Recently, Silicon Valley Bank released its 2023 State of the Wine Industry report, and it highlights some worrying trends for California's wine industry at large. Here are some of the key takeaways:
◼️ Growth is only happening with customers over 60
The report found that consumers under 60 have a lower share of wine consumption compared to what they did in 2007. Consumers over 60 are still showing growth. In fact, the report found that consumers over 60 were responsible for more than 32% of all direct to consumer wine sales.
◼️ Younger drinkers aren't loyal to wine
It isn't that young people aren't drinking wine. It's that they're drinking wine, spirits, beer, hard seltzers, vaping, smoking marijuana, and who knows what else. The report found that 35% of 21- to 29-year-old consumers drink alcohol, just not wine. That number drops 7 percentage points to 28% for individuals 50 to 59 years old. There have never been so many choices available to drinkers, and they seem to be taking full advantage of them.

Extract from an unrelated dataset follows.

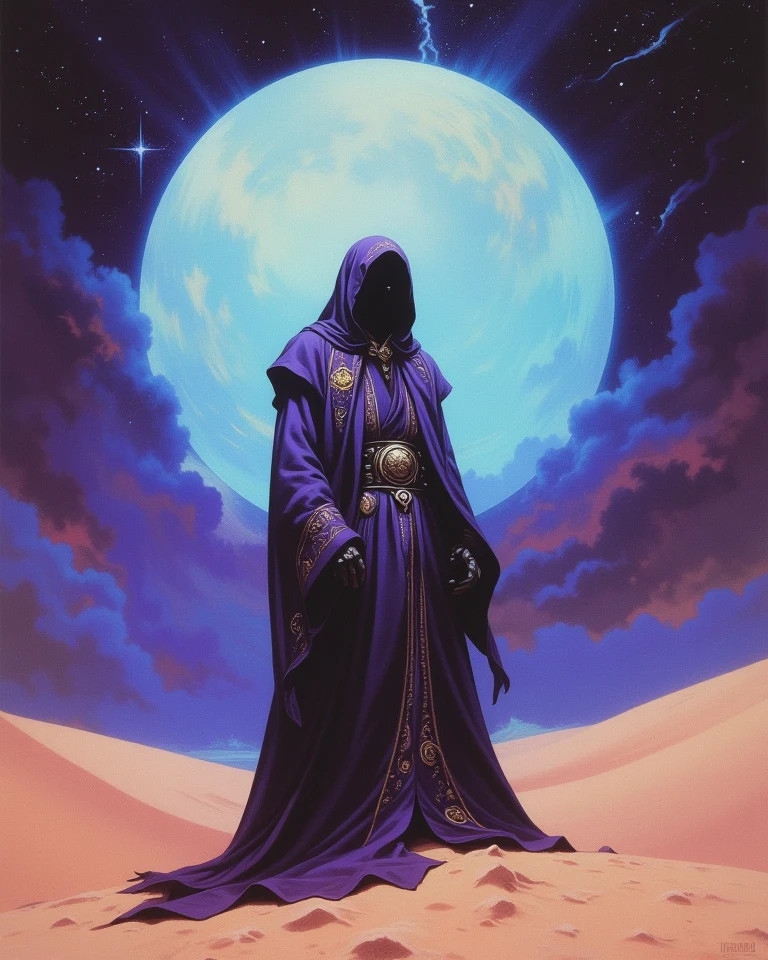 Frank Frazetta fantasy oil painting, Saudi Arabian warlock, clad in deep violet robes embroidered with arcane symbols, standing on a dune with a massive portal to another dimension opening behind him. His pose, casual yet mysterious, is reminiscent of street fashion photography, while the dark fantasy atmosphere is reminiscent of Dungeons & Dragons.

◼️ The premiumization trend is slowing
For years, we've seen consumers gravitate to higher end brands, and wineries adjust their sales tactics to follow. Luxury brands have seen steady growth for years, and this has led to a decrease in sales for bulk, commodity wines, but even the premium brands' sales are beginning to slow.
◼️ "Wellness" and sober-ish trends greatly affect wine
Surely you've noticed how seemingly everything is now related to "wellness." I think that word has lost all its meaning, but the fact remains that it's still top on the mind for consumers. Battling press narratives about how good or bad "x" can be for you only muddy the waters. This, coupled with budding trends toward sober-ish lifestyles (dry January, sober September, and California sober, for example), mean that more and more people — young folks especially — are putting the brakes on their alcohol consumption in favor of their health.
◼️ The cost of wine continues to be an issue for consumers
This is a bit of a no-brainer. Wine is just expensive. From the cost of land or grapes, the cost of labor, even things like the price of glass have gone up — due to inflation. As wine prices rise, drinkers are going to look elsewhere. Climate change will also play a large role in this in the years to come. Might this also be a factor in why the boomer generation is leading wine sales? How can we millennials afford wine when we're so busy buying avocado toast that we can't even afford a house?!